What is being asked: Output every line below without omitting or altering anything.

Data for the task:
————————
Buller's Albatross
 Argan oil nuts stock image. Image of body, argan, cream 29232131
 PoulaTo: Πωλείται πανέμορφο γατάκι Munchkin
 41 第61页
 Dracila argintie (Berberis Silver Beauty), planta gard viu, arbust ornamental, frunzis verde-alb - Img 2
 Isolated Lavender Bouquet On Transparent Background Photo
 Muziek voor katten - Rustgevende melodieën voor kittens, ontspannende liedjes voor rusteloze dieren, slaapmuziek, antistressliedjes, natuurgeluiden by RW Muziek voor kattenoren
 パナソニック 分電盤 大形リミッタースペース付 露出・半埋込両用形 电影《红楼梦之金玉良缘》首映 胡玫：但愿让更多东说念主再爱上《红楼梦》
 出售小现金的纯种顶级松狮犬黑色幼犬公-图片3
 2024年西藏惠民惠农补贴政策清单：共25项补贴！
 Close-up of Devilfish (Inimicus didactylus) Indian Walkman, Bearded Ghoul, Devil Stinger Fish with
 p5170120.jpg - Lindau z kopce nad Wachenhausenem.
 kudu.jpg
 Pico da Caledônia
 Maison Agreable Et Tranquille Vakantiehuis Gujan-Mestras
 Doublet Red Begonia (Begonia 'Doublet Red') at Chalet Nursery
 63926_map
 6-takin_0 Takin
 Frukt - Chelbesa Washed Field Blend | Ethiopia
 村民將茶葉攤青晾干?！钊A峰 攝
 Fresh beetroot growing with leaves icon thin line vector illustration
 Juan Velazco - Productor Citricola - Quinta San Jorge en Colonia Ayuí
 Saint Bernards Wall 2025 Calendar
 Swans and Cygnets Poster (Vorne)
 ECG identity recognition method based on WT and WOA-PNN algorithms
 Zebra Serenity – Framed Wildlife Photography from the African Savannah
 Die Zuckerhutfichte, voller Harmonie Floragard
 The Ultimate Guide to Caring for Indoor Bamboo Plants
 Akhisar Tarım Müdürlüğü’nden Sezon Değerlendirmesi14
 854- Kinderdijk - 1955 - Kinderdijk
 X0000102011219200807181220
————————
Written reply:
Buller's Albatross
 Argan oil nuts stock image. Image of body, argan, cream 29232131
 PoulaTo: Πωλείται πανέμορφο γατάκι Munchkin
 41 第61页
 Dracila argintie (Berberis Silver Beauty), planta gard viu, arbust ornamental, frunzis verde-alb - Img 2
 Isolated Lavender Bouquet On Transparent Background Photo
 Muziek voor katten - Rustgevende melodieën voor kittens, ontspannende liedjes voor rusteloze dieren, slaapmuziek, antistressliedjes, natuurgeluiden by RW Muziek voor kattenoren
 パナソニック 分電盤 大形リミッタースペース付 露出・半埋込両用形 电影《红楼梦之金玉良缘》首映 胡玫：但愿让更多东说念主再爱上《红楼梦》
 出售小现金的纯种顶级松狮犬黑色幼犬公-图片3
 2024年西藏惠民惠农补贴政策清单：共25项补贴！
 Close-up of Devilfish (Inimicus didactylus) Indian Walkman, Bearded Ghoul, Devil Stinger Fish with
 p5170120.jpg - Lindau z kopce nad Wachenhausenem.
 kudu.jpg
 Pico da Caledônia
 Maison Agreable Et Tranquille Vakantiehuis Gujan-Mestras
 Doublet Red Begonia (Begonia 'Doublet Red') at Chalet Nursery
 63926_map
 6-takin_0 Takin
 Frukt - Chelbesa Washed Field Blend | Ethiopia
 村民將茶葉攤青晾干?！钊A峰 攝
 Fresh beetroot growing with leaves icon thin line vector illustration
 Juan Velazco - Productor Citricola - Quinta San Jorge en Colonia Ayuí
 Saint Bernards Wall 2025 Calendar
 Swans and Cygnets Poster (Vorne)
 ECG identity recognition method based on WT and WOA-PNN algorithms
 Zebra Serenity – Framed Wildlife Photography from the African Savannah
 Die Zuckerhutfichte, voller Harmonie Floragard
 The Ultimate Guide to Caring for Indoor Bamboo Plants
 Akhisar Tarım Müdürlüğü’nden Sezon Değerlendirmesi14
 854- Kinderdijk - 1955 - Kinderdijk
 X0000102011219200807181220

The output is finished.